Although communications and marketing is a critical function for non-profit organizations it is generally an underfunded and understaffed area. In particular, smaller organizations might add-on communications to fundraising or have a team of one taking on internal and external needs.

Understandably, organizational knowledge and expertise is focused on the cause and services provided which makes it very challenging to provide growth, mentorship, and professional development opportunities for communications staff.

Here are five ways to overcome this challenge without having to build a big communications team or take resources away from the cause:

1) Mentorship

Professional organizations like IABC provide mentorship programs for communications professionals. This is an excellent opportunity to learn and to build your skill set.  Reach out to senior professionals who you respect and have worked or studied with in the past. LinkedIn is a great tool for seeking a mentor and building relationships.

Many corporations also offer mentoring programs, giving employees volunteer hours to mentor non-profit professionals. Work with your fund development team to determine if any of your corporate partners would be willing to provide this type of mentorship or if there are programs you could apply for.

2) Create a Communications Meet Up

A trend in the non-profit sector is partnership and collaboration. Though this is often more program focused it could also be done for communications.  Which organizations do you partner with and are there opportunities for you to meet up and learn from one another? At the very least get to know who is working in these roles and have coffee or lunch together once in a while.

3) Join a professional organization

Professional organizations are excellent resources for publications on the latest trends, professional development and networking opportunities. They are also another way to meet other people working in your field and/or sector.

4) Work with a marketing agency

Although marketing agencies can be perceived as cost prohibitive they are often a more cost effective way to increase effectiveness than adding additional staff. Agency experts can also work as marketing consultants providing guidance and experience for communications staff.
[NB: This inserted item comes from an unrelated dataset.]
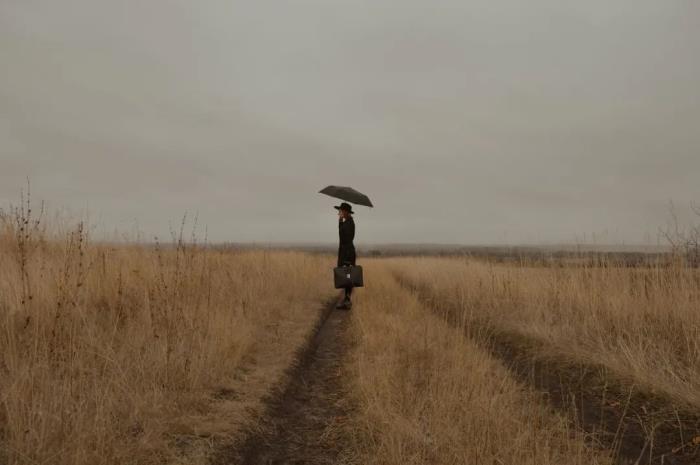 分手保持联系却不愿意复合（分手后还保持联系）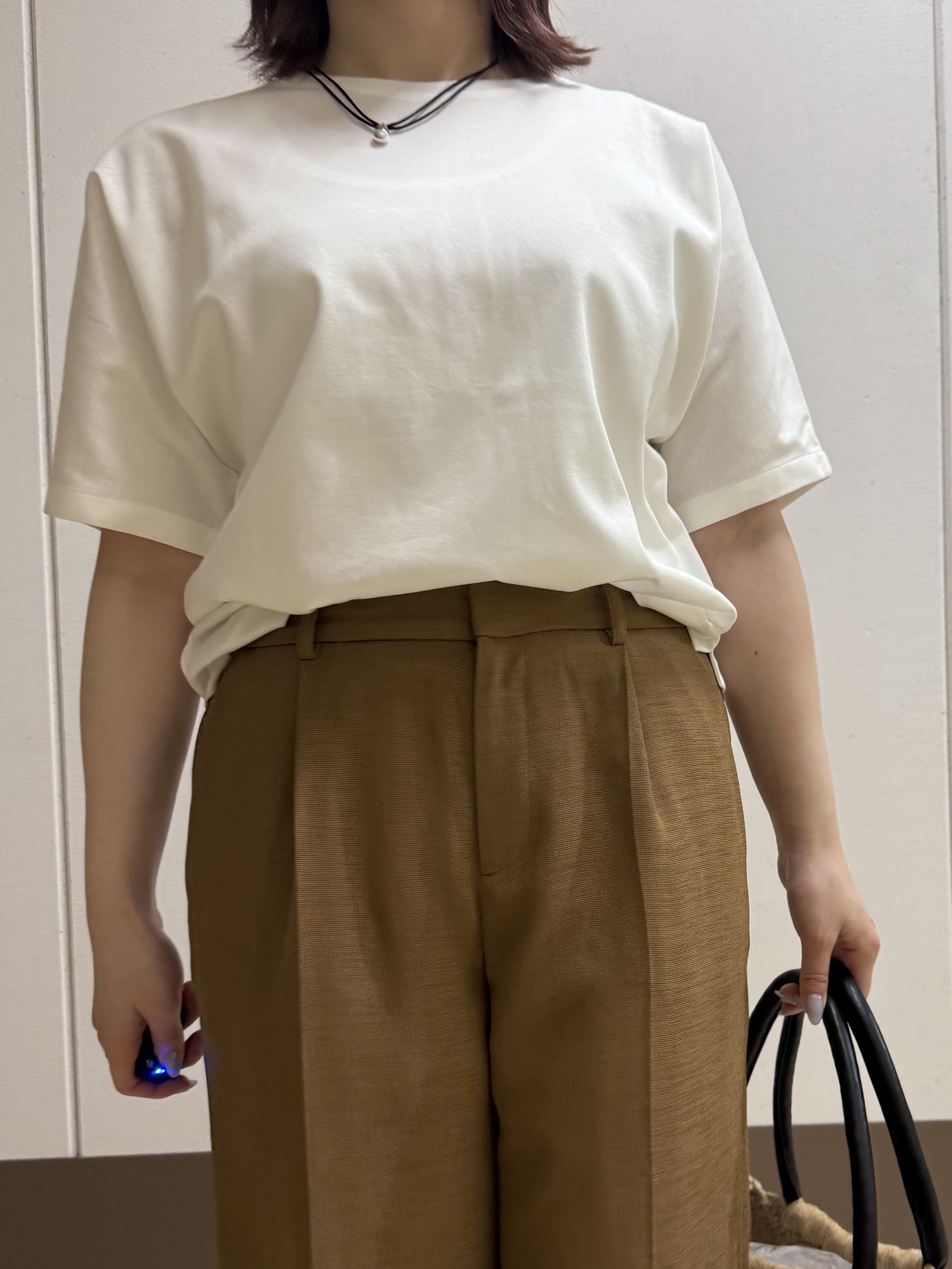 Rikoさんの「INDIVI｜【汗ジミ防止／褒められTシャツ】上品カジュアル！ドルマンTシャツ」を使ったコーディネート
In a small team or team of one it is easy to get burnt out and to become overwhelmed. It is also easy to get stuck in a rut in terms of creativity and approach. Working with an agency can provide perspective, design support, and a fresh set of eyes to take things to the next level. They can also support the planning process – amidst the day to day demands of working in a non-profit organization strategic marketing and communications planning often gets lost. Having a well-thought out plan to follow provides opportunities for tracking your progress and for prioritizing your workload. Also having a clear brand and some guidelines to follow can take the guesswork out of developing materials.

5) Networking

Get out there and get to know others in your field and sector. There is an element of networking in all of the previous suggestions, but it is important to make a conscious effort to network and meet others. Once again, LinkedIn is an excellent resource for meeting people and also finding out about events. Your local IABC chapter or other professional groups host networking and professional development events. Also look for larger non-profits that host their own conferences and have the resources to host events.